*Material provided*
——

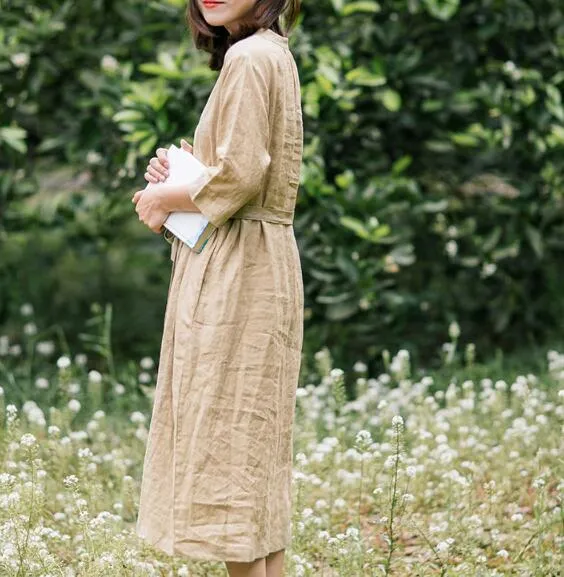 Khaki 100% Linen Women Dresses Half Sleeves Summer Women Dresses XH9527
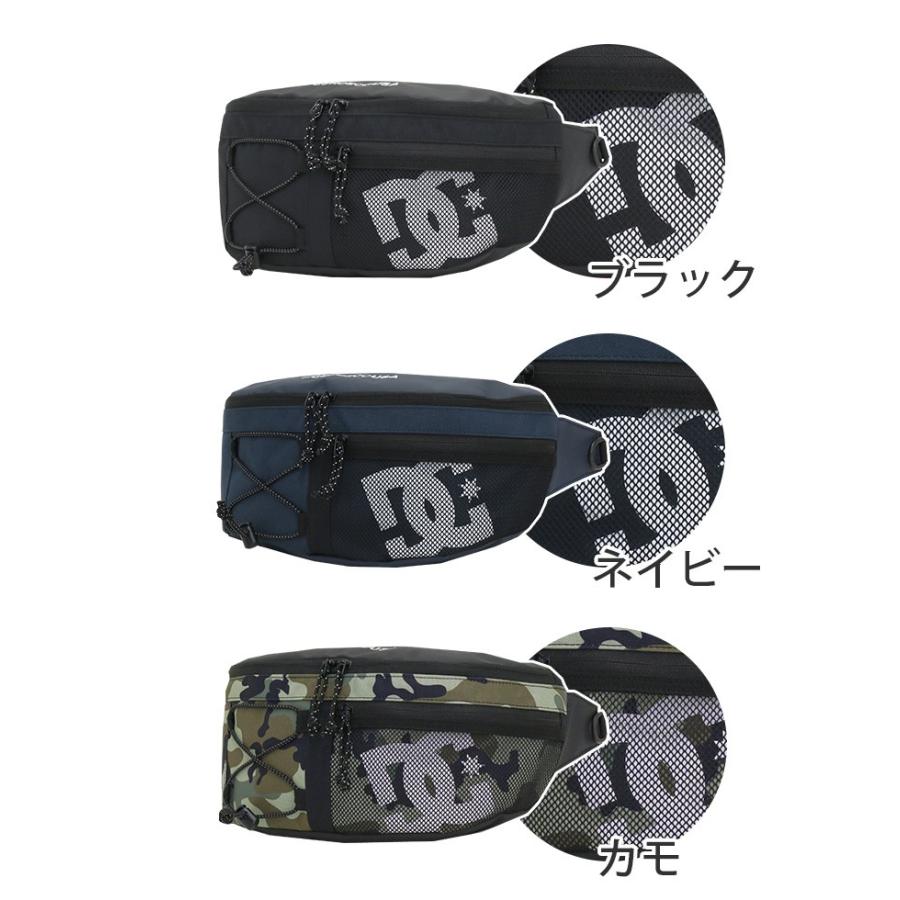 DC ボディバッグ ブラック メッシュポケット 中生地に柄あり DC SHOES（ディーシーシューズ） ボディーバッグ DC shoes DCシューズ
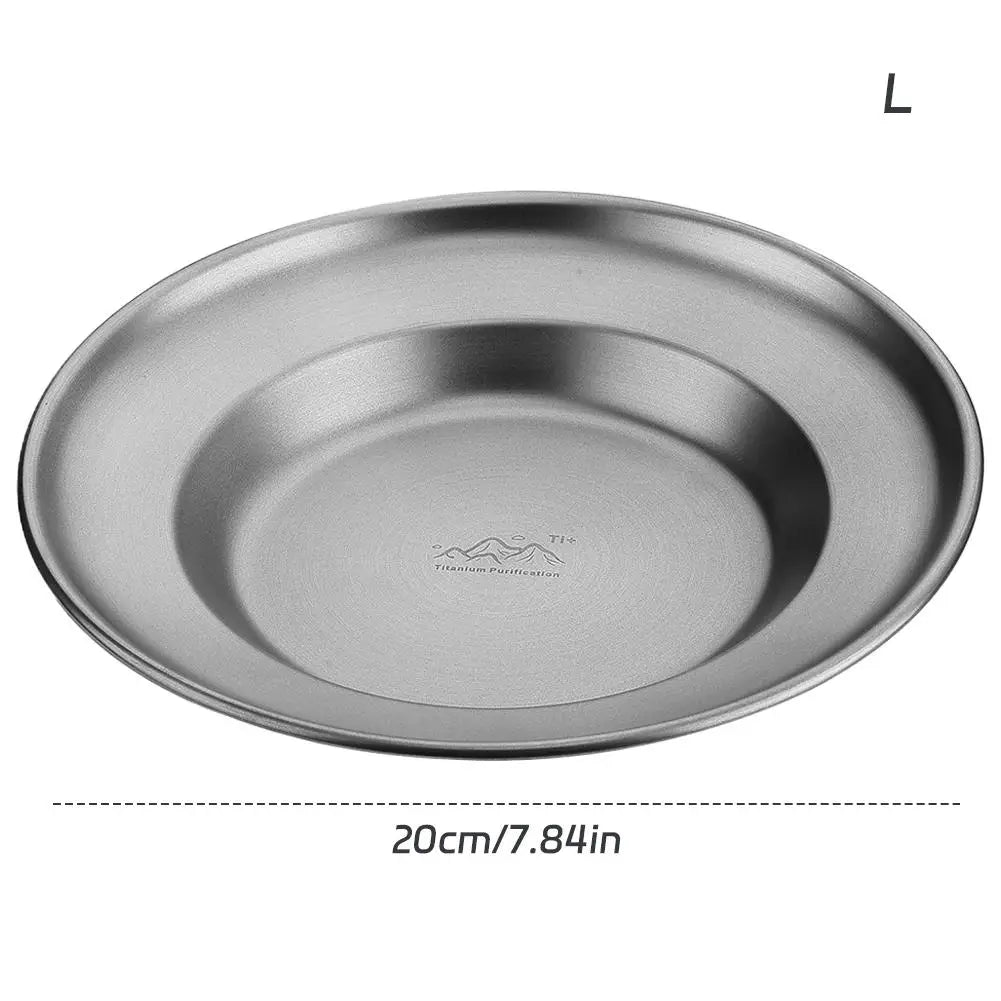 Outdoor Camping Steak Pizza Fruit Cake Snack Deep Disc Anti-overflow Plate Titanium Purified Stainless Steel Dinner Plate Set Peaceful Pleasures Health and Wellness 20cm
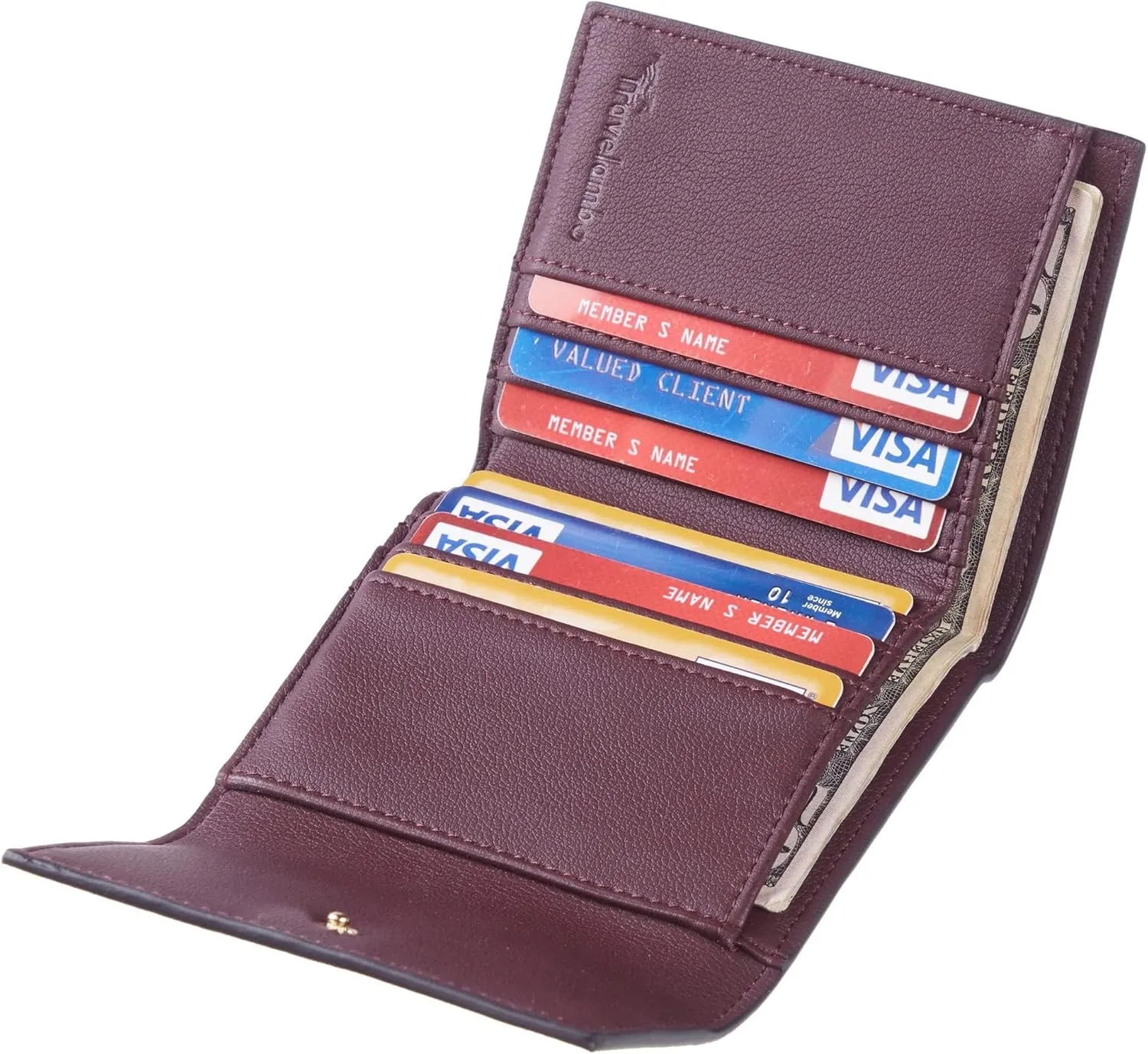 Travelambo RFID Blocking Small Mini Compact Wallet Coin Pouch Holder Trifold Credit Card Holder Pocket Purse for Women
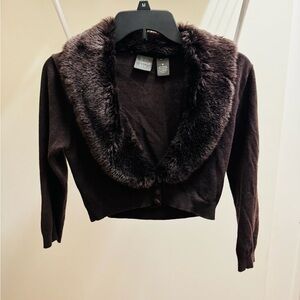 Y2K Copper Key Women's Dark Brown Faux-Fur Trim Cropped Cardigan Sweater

——

*Exercise*
Give back the entries verbatim but drop every picture.

*Solution below*
 Khaki 100% Linen Women Dresses Half Sleeves Summer Women Dresses XH9527
 DC ボディバッグ ブラック メッシュポケット 中生地に柄あり DC SHOES（ディーシーシューズ） ボディーバッグ DC shoes DCシューズ
 Outdoor Camping Steak Pizza Fruit Cake Snack Deep Disc Anti-overflow Plate Titanium Purified Stainless Steel Dinner Plate Set Peaceful Pleasures Health and Wellness 20cm
 Travelambo RFID Blocking Small Mini Compact Wallet Coin Pouch Holder Trifold Credit Card Holder Pocket Purse for Women
 Y2K Copper Key Women's Dark Brown Faux-Fur Trim Cropped Cardigan Sweater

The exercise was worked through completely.